(Data records)
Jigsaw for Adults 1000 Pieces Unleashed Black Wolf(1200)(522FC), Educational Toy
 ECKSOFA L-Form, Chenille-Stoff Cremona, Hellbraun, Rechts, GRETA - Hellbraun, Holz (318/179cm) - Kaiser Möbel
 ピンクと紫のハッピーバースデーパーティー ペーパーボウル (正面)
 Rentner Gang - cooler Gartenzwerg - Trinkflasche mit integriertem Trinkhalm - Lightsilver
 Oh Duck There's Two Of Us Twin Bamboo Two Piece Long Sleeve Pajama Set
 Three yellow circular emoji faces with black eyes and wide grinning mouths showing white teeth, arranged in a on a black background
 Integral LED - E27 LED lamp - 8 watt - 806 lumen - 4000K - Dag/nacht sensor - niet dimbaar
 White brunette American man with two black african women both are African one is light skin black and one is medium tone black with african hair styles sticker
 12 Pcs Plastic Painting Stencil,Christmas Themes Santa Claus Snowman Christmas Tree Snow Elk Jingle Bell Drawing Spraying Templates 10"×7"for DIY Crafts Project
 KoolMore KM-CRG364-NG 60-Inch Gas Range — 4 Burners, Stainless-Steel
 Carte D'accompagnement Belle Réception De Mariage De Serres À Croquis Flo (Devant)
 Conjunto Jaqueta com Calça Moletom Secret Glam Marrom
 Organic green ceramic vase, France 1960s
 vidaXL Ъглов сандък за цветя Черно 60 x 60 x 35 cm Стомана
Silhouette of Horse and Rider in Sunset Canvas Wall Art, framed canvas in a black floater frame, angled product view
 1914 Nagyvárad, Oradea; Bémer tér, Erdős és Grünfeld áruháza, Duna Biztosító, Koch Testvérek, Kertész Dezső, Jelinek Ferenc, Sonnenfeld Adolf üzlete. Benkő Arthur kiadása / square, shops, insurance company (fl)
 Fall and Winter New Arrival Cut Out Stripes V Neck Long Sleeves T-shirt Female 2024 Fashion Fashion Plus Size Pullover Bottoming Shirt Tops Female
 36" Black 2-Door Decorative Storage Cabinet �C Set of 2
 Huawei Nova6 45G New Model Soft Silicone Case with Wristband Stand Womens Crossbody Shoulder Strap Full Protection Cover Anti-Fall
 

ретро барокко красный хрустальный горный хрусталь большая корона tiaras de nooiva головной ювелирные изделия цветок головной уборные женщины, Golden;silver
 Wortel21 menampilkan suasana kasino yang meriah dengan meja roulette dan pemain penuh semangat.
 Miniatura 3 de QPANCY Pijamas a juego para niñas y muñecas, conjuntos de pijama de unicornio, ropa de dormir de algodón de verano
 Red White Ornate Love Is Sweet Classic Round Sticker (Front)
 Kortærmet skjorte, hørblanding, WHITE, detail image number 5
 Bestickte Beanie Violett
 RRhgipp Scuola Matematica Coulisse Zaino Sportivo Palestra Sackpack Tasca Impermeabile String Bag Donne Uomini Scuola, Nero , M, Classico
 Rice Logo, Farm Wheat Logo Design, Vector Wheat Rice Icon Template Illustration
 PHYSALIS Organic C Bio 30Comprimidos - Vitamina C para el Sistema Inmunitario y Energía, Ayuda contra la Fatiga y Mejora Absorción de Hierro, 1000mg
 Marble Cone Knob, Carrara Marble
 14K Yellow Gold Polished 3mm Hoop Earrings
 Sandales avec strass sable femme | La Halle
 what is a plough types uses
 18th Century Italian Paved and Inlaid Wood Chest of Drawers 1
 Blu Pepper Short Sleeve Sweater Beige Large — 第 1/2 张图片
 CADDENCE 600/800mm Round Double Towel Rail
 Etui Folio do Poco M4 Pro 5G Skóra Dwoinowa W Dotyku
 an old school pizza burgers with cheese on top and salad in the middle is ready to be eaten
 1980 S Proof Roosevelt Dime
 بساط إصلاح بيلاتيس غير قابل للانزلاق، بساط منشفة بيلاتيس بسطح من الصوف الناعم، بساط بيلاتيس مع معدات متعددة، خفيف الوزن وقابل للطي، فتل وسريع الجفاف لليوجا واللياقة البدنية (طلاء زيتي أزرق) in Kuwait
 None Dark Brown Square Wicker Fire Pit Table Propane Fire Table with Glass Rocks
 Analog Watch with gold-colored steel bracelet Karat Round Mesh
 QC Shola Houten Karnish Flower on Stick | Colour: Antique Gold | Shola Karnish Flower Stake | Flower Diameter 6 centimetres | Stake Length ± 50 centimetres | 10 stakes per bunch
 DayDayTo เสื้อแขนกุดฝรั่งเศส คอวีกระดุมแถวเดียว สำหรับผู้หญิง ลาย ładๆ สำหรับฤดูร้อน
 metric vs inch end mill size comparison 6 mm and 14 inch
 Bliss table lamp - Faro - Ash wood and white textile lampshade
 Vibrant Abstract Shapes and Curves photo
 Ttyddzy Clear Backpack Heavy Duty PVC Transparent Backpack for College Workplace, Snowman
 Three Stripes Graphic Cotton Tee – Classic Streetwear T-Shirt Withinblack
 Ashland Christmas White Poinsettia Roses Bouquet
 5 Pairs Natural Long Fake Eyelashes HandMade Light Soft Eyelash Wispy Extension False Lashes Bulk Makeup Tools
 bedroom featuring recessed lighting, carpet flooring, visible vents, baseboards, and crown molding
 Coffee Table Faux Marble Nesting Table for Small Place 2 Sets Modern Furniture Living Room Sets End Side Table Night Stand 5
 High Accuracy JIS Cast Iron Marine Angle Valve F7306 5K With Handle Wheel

(What the task asks):
Please give back all of the records exactly as written.

(Result):
Jigsaw for Adults 1000 Pieces Unleashed Black Wolf(1200)(522FC), Educational Toy
 ECKSOFA L-Form, Chenille-Stoff Cremona, Hellbraun, Rechts, GRETA - Hellbraun, Holz (318/179cm) - Kaiser Möbel
 ピンクと紫のハッピーバースデーパーティー ペーパーボウル (正面)
 Rentner Gang - cooler Gartenzwerg - Trinkflasche mit integriertem Trinkhalm - Lightsilver
 Oh Duck There's Two Of Us Twin Bamboo Two Piece Long Sleeve Pajama Set
 Three yellow circular emoji faces with black eyes and wide grinning mouths showing white teeth, arranged in a on a black background
 Integral LED - E27 LED lamp - 8 watt - 806 lumen - 4000K - Dag/nacht sensor - niet dimbaar
 White brunette American man with two black african women both are African one is light skin black and one is medium tone black with african hair styles sticker
 12 Pcs Plastic Painting Stencil,Christmas Themes Santa Claus Snowman Christmas Tree Snow Elk Jingle Bell Drawing Spraying Templates 10"×7"for DIY Crafts Project
 KoolMore KM-CRG364-NG 60-Inch Gas Range — 4 Burners, Stainless-Steel
 Carte D'accompagnement Belle Réception De Mariage De Serres À Croquis Flo (Devant)
 Conjunto Jaqueta com Calça Moletom Secret Glam Marrom
 Organic green ceramic vase, France 1960s
 vidaXL Ъглов сандък за цветя Черно 60 x 60 x 35 cm Стомана
Silhouette of Horse and Rider in Sunset Canvas Wall Art, framed canvas in a black floater frame, angled product view
 1914 Nagyvárad, Oradea; Bémer tér, Erdős és Grünfeld áruháza, Duna Biztosító, Koch Testvérek, Kertész Dezső, Jelinek Ferenc, Sonnenfeld Adolf üzlete. Benkő Arthur kiadása / square, shops, insurance company (fl)
 Fall and Winter New Arrival Cut Out Stripes V Neck Long Sleeves T-shirt Female 2024 Fashion Fashion Plus Size Pullover Bottoming Shirt Tops Female
 36" Black 2-Door Decorative Storage Cabinet �C Set of 2
 Huawei Nova6 45G New Model Soft Silicone Case with Wristband Stand Womens Crossbody Shoulder Strap Full Protection Cover Anti-Fall
 

ретро барокко красный хрустальный горный хрусталь большая корона tiaras de nooiva головной ювелирные изделия цветок головной уборные женщины, Golden;silver
 Wortel21 menampilkan suasana kasino yang meriah dengan meja roulette dan pemain penuh semangat.
 Miniatura 3 de QPANCY Pijamas a juego para niñas y muñecas, conjuntos de pijama de unicornio, ropa de dormir de algodón de verano
 Red White Ornate Love Is Sweet Classic Round Sticker (Front)
 Kortærmet skjorte, hørblanding, WHITE, detail image number 5
 Bestickte Beanie Violett
 RRhgipp Scuola Matematica Coulisse Zaino Sportivo Palestra Sackpack Tasca Impermeabile String Bag Donne Uomini Scuola, Nero , M, Classico
 Rice Logo, Farm Wheat Logo Design, Vector Wheat Rice Icon Template Illustration
 PHYSALIS Organic C Bio 30Comprimidos - Vitamina C para el Sistema Inmunitario y Energía, Ayuda contra la Fatiga y Mejora Absorción de Hierro, 1000mg
 Marble Cone Knob, Carrara Marble
 14K Yellow Gold Polished 3mm Hoop Earrings
 Sandales avec strass sable femme | La Halle
 what is a plough types uses
 18th Century Italian Paved and Inlaid Wood Chest of Drawers 1
 Blu Pepper Short Sleeve Sweater Beige Large — 第 1/2 张图片
 CADDENCE 600/800mm Round Double Towel Rail
 Etui Folio do Poco M4 Pro 5G Skóra Dwoinowa W Dotyku
 an old school pizza burgers with cheese on top and salad in the middle is ready to be eaten
 1980 S Proof Roosevelt Dime
 بساط إصلاح بيلاتيس غير قابل للانزلاق، بساط منشفة بيلاتيس بسطح من الصوف الناعم، بساط بيلاتيس مع معدات متعددة، خفيف الوزن وقابل للطي، فتل وسريع الجفاف لليوجا واللياقة البدنية (طلاء زيتي أزرق) in Kuwait
 None Dark Brown Square Wicker Fire Pit Table Propane Fire Table with Glass Rocks
 Analog Watch with gold-colored steel bracelet Karat Round Mesh
 QC Shola Houten Karnish Flower on Stick | Colour: Antique Gold | Shola Karnish Flower Stake | Flower Diameter 6 centimetres | Stake Length ± 50 centimetres | 10 stakes per bunch
 DayDayTo เสื้อแขนกุดฝรั่งเศส คอวีกระดุมแถวเดียว สำหรับผู้หญิง ลาย ładๆ สำหรับฤดูร้อน
 metric vs inch end mill size comparison 6 mm and 14 inch
 Bliss table lamp - Faro - Ash wood and white textile lampshade
 Vibrant Abstract Shapes and Curves photo
 Ttyddzy Clear Backpack Heavy Duty PVC Transparent Backpack for College Workplace, Snowman
 Three Stripes Graphic Cotton Tee – Classic Streetwear T-Shirt Withinblack
 Ashland Christmas White Poinsettia Roses Bouquet
 5 Pairs Natural Long Fake Eyelashes HandMade Light Soft Eyelash Wispy Extension False Lashes Bulk Makeup Tools
 bedroom featuring recessed lighting, carpet flooring, visible vents, baseboards, and crown molding
 Coffee Table Faux Marble Nesting Table for Small Place 2 Sets Modern Furniture Living Room Sets End Side Table Night Stand 5
 High Accuracy JIS Cast Iron Marine Angle Valve F7306 5K With Handle Wheel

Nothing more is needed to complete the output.